**Exercise requirements**
Take the data below and copy exactly the lines starting at the one with "Appartement Center 8 Hambourg" and finishing at the one with "Ausziehtisch & Freischwinger", both included.
[[ Material provided, beginning ]]
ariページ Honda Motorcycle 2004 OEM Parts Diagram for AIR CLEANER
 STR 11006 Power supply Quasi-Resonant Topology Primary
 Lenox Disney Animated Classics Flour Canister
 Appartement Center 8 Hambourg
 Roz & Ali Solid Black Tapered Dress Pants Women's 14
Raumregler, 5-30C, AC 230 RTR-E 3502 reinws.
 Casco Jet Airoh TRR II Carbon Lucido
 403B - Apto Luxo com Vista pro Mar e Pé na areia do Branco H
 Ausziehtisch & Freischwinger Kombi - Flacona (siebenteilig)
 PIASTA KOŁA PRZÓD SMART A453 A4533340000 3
[[ Material provided, end ]]
**The answer**
 Appartement Center 8 Hambourg
 Roz & Ali Solid Black Tapered Dress Pants Women's 14
Raumregler, 5-30C, AC 230 RTR-E 3502 reinws.
 Casco Jet Airoh TRR II Carbon Lucido
 403B - Apto Luxo com Vista pro Mar e Pé na areia do Branco H
 Ausziehtisch & Freischwinger Kombi - Flacona (siebenteilig)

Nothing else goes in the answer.